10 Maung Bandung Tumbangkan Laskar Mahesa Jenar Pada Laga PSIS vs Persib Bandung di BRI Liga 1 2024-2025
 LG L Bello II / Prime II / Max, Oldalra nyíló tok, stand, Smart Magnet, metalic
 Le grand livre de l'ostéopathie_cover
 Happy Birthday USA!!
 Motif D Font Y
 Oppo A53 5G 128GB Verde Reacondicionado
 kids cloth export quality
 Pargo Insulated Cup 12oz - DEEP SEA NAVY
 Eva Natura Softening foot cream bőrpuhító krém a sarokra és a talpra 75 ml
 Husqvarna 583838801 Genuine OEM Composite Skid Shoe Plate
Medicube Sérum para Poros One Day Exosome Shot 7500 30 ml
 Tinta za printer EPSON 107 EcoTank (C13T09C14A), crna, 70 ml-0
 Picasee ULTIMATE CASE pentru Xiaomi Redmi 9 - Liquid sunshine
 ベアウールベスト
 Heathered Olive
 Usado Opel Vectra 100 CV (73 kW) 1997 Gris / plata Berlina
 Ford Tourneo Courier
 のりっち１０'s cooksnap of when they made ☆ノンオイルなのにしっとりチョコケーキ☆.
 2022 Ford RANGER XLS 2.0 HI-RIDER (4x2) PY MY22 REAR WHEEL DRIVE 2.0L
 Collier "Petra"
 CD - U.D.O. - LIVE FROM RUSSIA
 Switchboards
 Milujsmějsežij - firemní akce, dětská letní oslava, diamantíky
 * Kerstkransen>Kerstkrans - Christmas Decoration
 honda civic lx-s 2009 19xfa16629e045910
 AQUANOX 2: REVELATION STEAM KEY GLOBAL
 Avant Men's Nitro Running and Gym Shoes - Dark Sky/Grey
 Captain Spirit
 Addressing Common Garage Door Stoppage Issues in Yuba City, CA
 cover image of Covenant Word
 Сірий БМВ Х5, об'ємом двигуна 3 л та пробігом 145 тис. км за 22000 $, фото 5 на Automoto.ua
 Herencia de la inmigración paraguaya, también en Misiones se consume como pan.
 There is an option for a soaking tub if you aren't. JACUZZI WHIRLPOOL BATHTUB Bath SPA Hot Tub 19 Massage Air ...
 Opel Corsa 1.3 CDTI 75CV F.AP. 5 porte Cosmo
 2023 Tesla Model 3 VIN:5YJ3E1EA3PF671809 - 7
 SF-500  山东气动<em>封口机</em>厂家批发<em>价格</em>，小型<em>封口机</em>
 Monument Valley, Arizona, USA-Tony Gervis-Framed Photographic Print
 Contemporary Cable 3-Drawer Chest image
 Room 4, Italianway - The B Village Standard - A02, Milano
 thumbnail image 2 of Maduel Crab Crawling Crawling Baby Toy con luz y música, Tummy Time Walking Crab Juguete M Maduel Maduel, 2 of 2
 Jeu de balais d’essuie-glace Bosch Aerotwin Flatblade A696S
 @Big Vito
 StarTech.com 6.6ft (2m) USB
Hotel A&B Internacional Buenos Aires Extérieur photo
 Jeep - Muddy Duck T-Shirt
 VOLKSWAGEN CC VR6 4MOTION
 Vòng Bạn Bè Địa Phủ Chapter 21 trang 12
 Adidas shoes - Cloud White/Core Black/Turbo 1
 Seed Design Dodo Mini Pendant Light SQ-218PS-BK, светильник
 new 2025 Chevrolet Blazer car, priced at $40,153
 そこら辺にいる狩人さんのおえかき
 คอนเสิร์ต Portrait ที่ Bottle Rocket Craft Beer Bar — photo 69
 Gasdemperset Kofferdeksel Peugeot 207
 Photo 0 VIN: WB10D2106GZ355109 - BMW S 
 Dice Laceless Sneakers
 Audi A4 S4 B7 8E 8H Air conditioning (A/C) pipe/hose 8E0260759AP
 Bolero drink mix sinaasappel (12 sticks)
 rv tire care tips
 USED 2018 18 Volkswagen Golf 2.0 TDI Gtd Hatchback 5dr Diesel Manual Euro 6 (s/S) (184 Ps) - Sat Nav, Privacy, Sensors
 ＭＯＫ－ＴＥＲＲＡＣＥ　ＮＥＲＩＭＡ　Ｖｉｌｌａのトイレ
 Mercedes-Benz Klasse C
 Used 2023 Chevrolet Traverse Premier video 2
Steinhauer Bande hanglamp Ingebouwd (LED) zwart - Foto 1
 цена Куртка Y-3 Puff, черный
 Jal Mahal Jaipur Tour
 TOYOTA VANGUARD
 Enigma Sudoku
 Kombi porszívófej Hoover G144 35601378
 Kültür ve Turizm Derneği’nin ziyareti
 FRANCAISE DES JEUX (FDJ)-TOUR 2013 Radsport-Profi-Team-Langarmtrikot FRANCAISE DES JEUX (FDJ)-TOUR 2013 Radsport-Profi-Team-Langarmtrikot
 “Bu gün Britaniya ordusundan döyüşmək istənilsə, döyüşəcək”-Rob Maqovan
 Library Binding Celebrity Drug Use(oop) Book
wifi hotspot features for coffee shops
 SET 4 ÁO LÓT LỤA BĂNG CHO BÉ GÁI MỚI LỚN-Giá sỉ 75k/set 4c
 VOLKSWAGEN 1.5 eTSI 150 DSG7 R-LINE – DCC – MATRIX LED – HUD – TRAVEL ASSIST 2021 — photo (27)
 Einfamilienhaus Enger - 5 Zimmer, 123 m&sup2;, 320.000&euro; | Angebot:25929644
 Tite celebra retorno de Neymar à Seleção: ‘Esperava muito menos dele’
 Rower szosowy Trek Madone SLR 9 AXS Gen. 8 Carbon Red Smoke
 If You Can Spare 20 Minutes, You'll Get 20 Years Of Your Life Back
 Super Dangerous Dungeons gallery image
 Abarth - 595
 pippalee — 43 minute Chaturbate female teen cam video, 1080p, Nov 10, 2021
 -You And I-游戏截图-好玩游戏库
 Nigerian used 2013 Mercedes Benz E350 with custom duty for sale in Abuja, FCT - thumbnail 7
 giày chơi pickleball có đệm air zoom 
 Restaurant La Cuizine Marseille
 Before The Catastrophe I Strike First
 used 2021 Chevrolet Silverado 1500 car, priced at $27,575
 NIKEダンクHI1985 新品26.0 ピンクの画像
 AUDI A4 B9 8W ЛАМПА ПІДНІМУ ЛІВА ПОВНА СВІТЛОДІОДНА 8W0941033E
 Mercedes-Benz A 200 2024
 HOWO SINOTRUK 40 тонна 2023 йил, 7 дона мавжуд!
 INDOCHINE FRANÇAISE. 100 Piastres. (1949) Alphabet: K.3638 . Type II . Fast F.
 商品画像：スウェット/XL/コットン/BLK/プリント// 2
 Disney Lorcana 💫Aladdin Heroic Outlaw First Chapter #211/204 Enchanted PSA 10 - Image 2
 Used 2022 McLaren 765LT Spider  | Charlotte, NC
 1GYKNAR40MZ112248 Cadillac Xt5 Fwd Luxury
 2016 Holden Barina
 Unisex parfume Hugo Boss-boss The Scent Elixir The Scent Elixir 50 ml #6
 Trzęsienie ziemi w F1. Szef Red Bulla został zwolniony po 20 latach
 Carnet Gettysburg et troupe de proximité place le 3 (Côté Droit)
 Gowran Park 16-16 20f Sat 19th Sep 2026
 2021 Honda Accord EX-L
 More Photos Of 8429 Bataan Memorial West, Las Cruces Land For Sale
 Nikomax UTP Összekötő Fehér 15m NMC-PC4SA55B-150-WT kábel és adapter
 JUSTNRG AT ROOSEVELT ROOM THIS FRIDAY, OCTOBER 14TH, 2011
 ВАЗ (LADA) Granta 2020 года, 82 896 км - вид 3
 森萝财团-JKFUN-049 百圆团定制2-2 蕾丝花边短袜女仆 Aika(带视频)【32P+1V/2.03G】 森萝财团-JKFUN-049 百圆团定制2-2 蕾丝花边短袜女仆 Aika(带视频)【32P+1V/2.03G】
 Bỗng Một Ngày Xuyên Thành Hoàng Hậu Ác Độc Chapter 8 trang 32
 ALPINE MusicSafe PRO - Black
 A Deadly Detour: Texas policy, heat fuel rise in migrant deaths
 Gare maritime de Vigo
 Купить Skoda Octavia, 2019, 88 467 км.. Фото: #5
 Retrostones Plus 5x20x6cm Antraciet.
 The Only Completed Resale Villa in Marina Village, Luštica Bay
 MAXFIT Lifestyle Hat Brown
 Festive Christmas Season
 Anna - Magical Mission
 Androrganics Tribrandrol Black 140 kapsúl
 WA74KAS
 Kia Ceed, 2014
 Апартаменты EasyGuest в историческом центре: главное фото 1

● Assignment: Give back exactly the material above from its opening line to the line bearing "Husqvarna 583838801 Genuine".

● Task result:
10 Maung Bandung Tumbangkan Laskar Mahesa Jenar Pada Laga PSIS vs Persib Bandung di BRI Liga 1 2024-2025
 LG L Bello II / Prime II / Max, Oldalra nyíló tok, stand, Smart Magnet, metalic
 Le grand livre de l'ostéopathie_cover
 Happy Birthday USA!!
 Motif D Font Y
 Oppo A53 5G 128GB Verde Reacondicionado
 kids cloth export quality
 Pargo Insulated Cup 12oz - DEEP SEA NAVY
 Eva Natura Softening foot cream bőrpuhító krém a sarokra és a talpra 75 ml
 Husqvarna 583838801 Genuine OEM Composite Skid Shoe Plate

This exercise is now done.